Assigned task |
Give again, word for word, the lines below that run from the line with "Trunks X MBK" through the line with "AMERICAN IMPRESSIONIST PAINTING". Drop the pictures.

Listed records |

·····

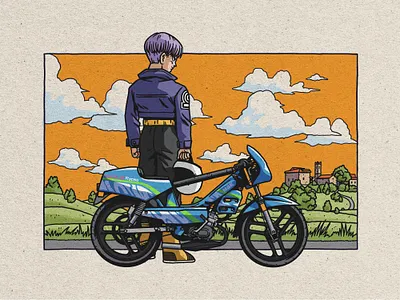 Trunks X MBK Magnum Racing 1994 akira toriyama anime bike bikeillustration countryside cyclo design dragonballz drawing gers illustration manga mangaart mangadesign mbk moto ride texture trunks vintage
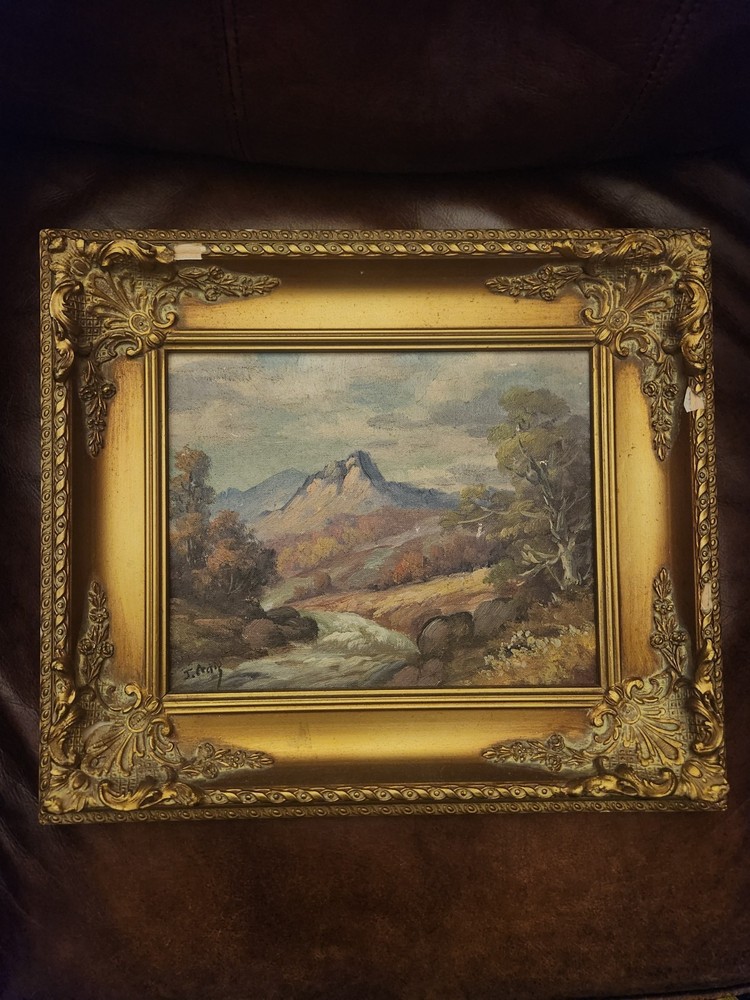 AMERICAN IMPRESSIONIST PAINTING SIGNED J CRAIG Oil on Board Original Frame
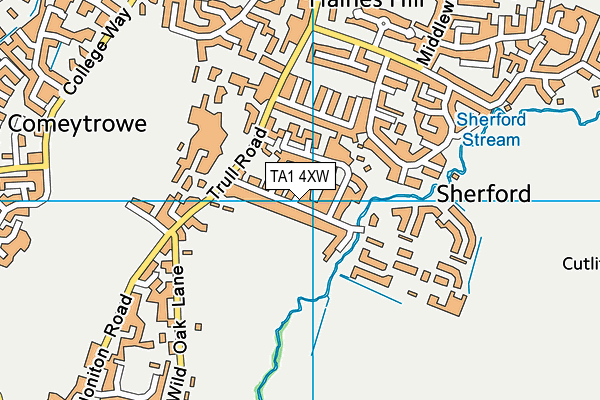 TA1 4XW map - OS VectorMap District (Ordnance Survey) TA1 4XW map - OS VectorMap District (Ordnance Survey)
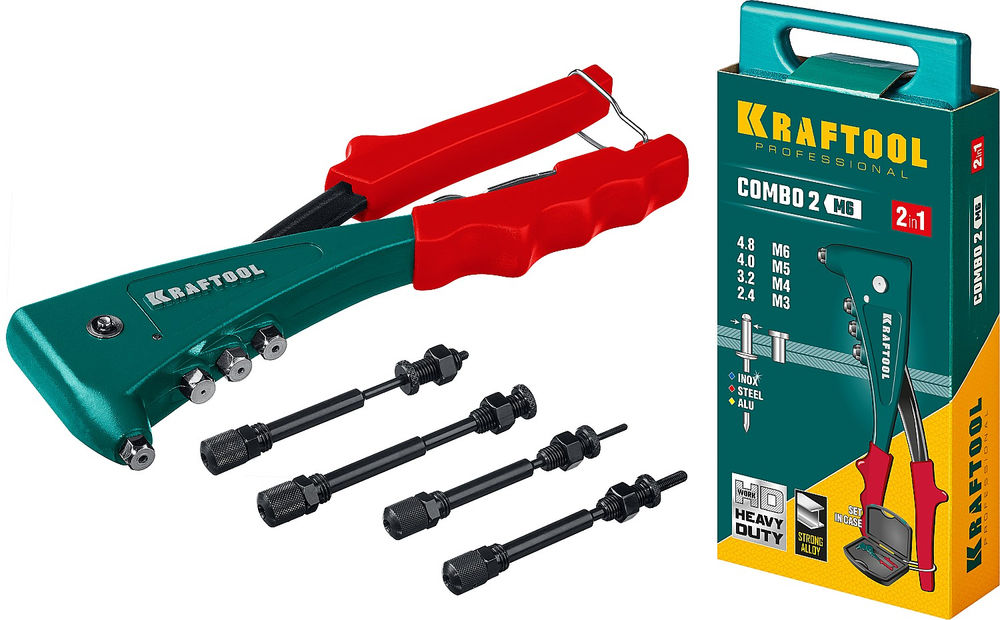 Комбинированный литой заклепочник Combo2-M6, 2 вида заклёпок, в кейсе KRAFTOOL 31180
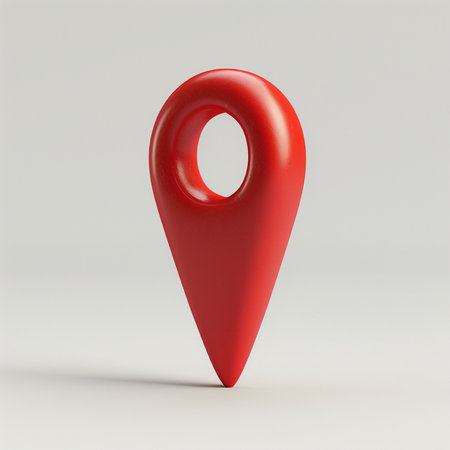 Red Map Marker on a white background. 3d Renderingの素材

·····

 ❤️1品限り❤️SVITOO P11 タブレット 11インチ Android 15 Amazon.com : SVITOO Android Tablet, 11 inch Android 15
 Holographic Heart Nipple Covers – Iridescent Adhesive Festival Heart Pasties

·····

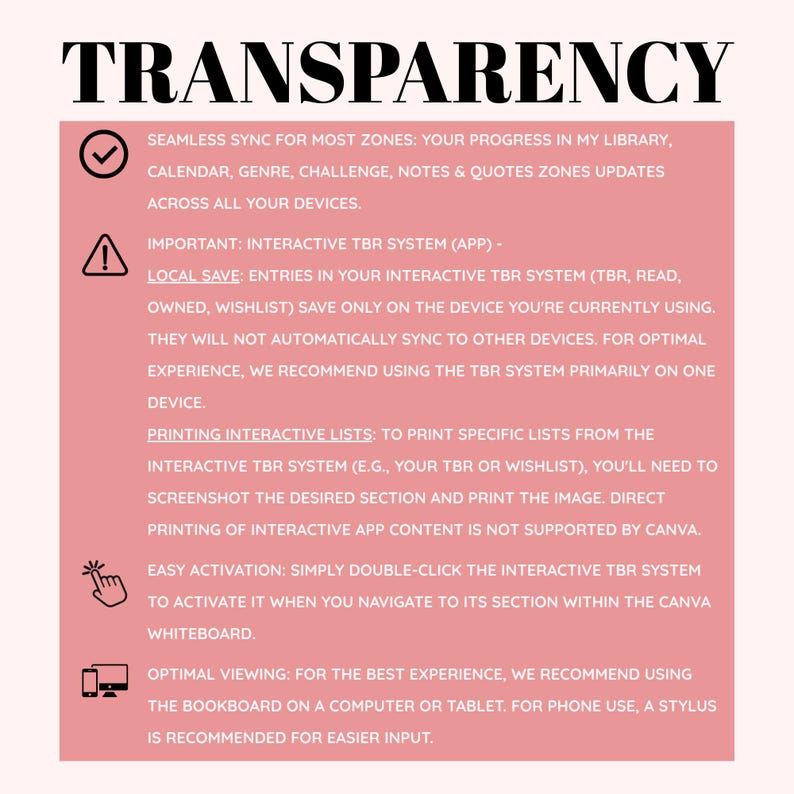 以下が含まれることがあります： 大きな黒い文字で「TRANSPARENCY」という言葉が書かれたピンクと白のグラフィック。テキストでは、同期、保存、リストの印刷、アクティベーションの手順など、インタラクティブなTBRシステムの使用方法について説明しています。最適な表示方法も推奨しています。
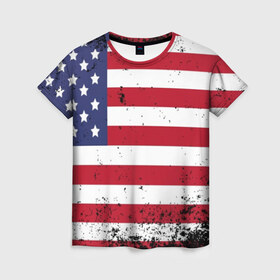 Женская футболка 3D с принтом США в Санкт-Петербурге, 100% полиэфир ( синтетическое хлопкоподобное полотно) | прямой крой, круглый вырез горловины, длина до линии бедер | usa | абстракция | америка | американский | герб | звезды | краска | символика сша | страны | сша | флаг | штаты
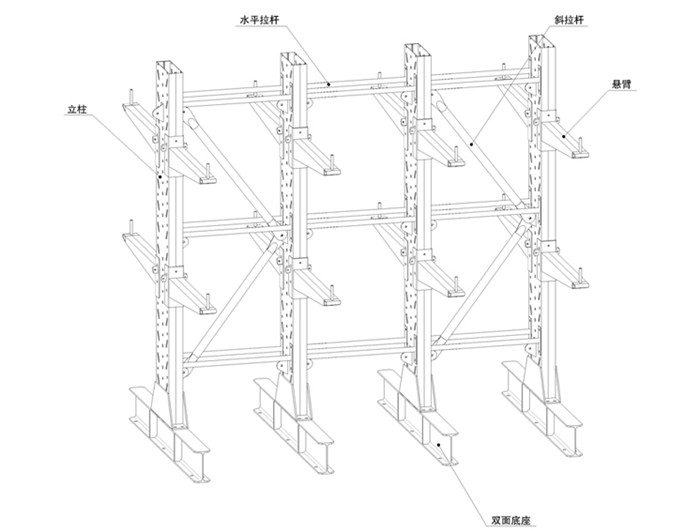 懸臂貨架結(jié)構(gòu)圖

·····

Response |
 Trunks X MBK Magnum Racing 1994 akira toriyama anime bike bikeillustration countryside cyclo design dragonballz drawing gers illustration manga mangaart mangadesign mbk moto ride texture trunks vintage
 AMERICAN IMPRESSIONIST PAINTING SIGNED J CRAIG Oil on Board Original Frame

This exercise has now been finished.